Gold Futures Climb to Record After S&P Revises U.S. Outlook to Negative

Gold futures rose to a record $1,498.60 an ounce after Standard & Poor’s revised its U.S. credit outlook to negative, boosting the appeal of the precious metal as an alternative to the dollar.

S&P changed its long-term rating from stable, citing “material risk” that policy makers won’t reach an accord on “medium- and long-term budgetary challenges.” Gold has gained 31 percent in the past year, and silver has more than doubled, partly on concern that Europe’s sovereign-debt crisis would escalate.

“The odds are increasing that we’re going to see a credit downgrade in the next few years,” said Matthew Zeman, a strategist at Kingsview Financial in Chicago. “More and more people are looking to gold as the ultimate currency.”

Gold futures for June delivery rose $6.90, or 0.5 percent, to settle at $1,492.90 at 2:04 p.m. on the Comex in New York. In London, gold for immediate delivery rose as much as 0.8 percent to a record $1,497.90.

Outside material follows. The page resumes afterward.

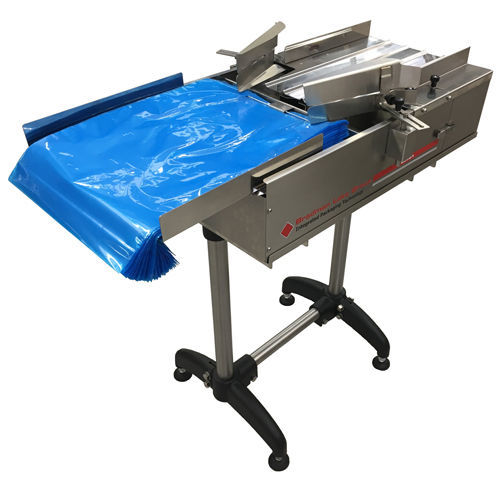 Ensacheuse horizontale - IB30 - Bradman Lake Ltd. - semi-automatique / pour l'industrie agroalimentaire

The Treasury Department has projected that the government will reach the $14.3 trillion debt-ceiling limit no later than May 16 and run out of options for avoiding default by early July.

“The perception that a downgrade would even be possible for the U.S. is driving the gold market,” said Frank McGhee, the head dealer at Integrated Brokerage Services LLC in Chicago. “The dollar is going to get whacked.”

The Federal Reserve has kept its benchmark interest rate at zero percent to 0.25 percent since December 2008 and has pledged to buy $600 billion in Treasuries through June to stimulate growth.

Dollar ‘Debasement’

“People are looking at inflation and at deficits and feeling there’s no way to get out of this without the debasement of the currency,” Zeman of Kingsview said.

The European Central Bank this month raised its main rate to 1.25 percent from a record 1 percent to stem inflation. Debt woes in Portugal and Ireland have escalated.

Some investors sold gold to cover losses in other markets. U.S. equities headed for the biggest drop in a month. In the past four weeks, gold climbed almost 5 percent, and silver surged 21 percent.

“With the magnitude of the drop in stocks, a lot of traders are booking profit in the metals,” saidAdam Klopfenstein, a senior strategist at Lind-Waldock, a broker in Chicago.

Silver futures for May delivery rose 38.5 cents, or 0.9 percent, to $42.956 an ounce on the Comex. Earlier, the price reached $43.56, the highest since 1980.

Palladium futures for June delivery fell $29, or 3.8 percent, to $739.10 an ounce on the New York Mercantile Exchange, the biggest decline in a month.

Platinum futures for July delivery dropped $12, or 0.7 percent, to $1,782.80 an ounce on the Nymex.